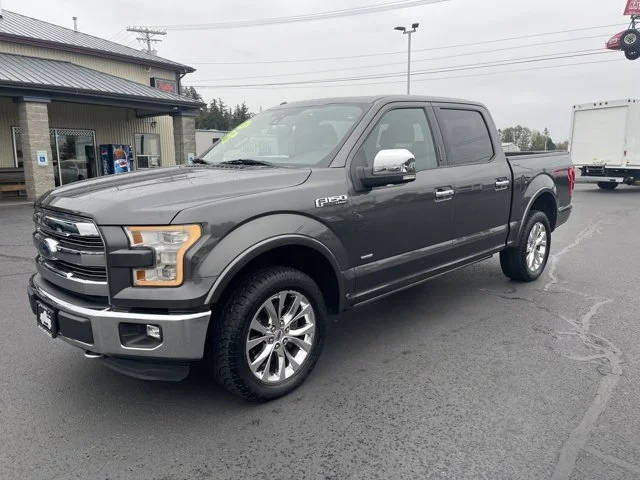 2015 Ford F-150 Lariat 4WD photo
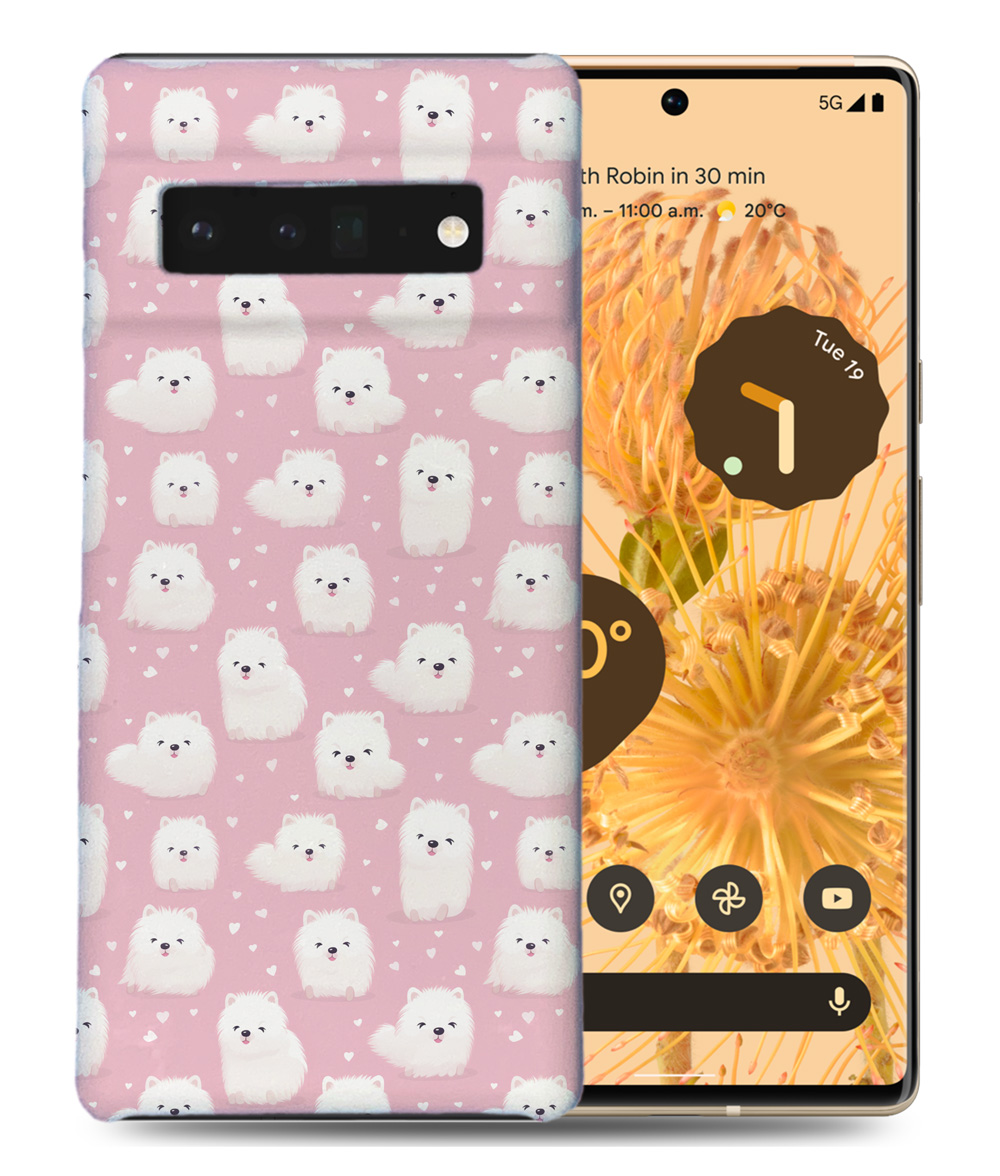 CASE COVER FOR GOOGLE PIXEL|SAMOYED DOG PATTERN #A2 - Picture 8 of 16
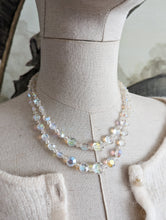 Charger l&#39;image dans la galerie, Collier cristal 50&#39;s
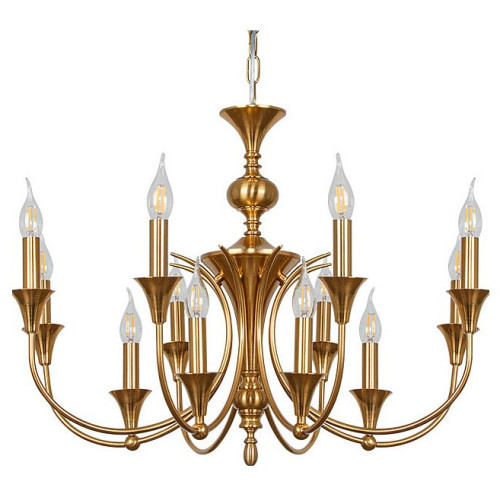 Подвесная люстра Arte Lamp Collinetta A4094LM-12PB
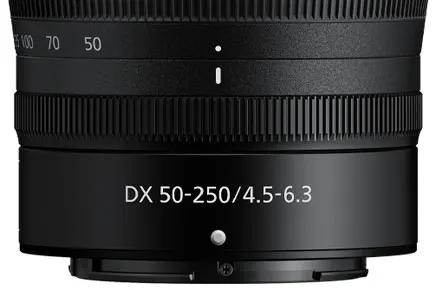 Nikon NIKKOR Z DX 50-250mm F4.5-6.3 VR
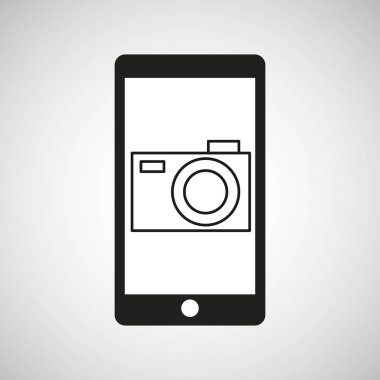 Akıllı e-ticaret kamera fotoğraf grafik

> **Exercise objective**: With pictures left out, repeat exactly the lines from the one containing "Nikon NIKKOR Z DX 50-250mm F4.5-6.3 VR" through the last line of the data above, inclusive, and nothing else.

> **Answer to this problem**:
 Nikon NIKKOR Z DX 50-250mm F4.5-6.3 VR
 Akıllı e-ticaret kamera fotoğraf grafik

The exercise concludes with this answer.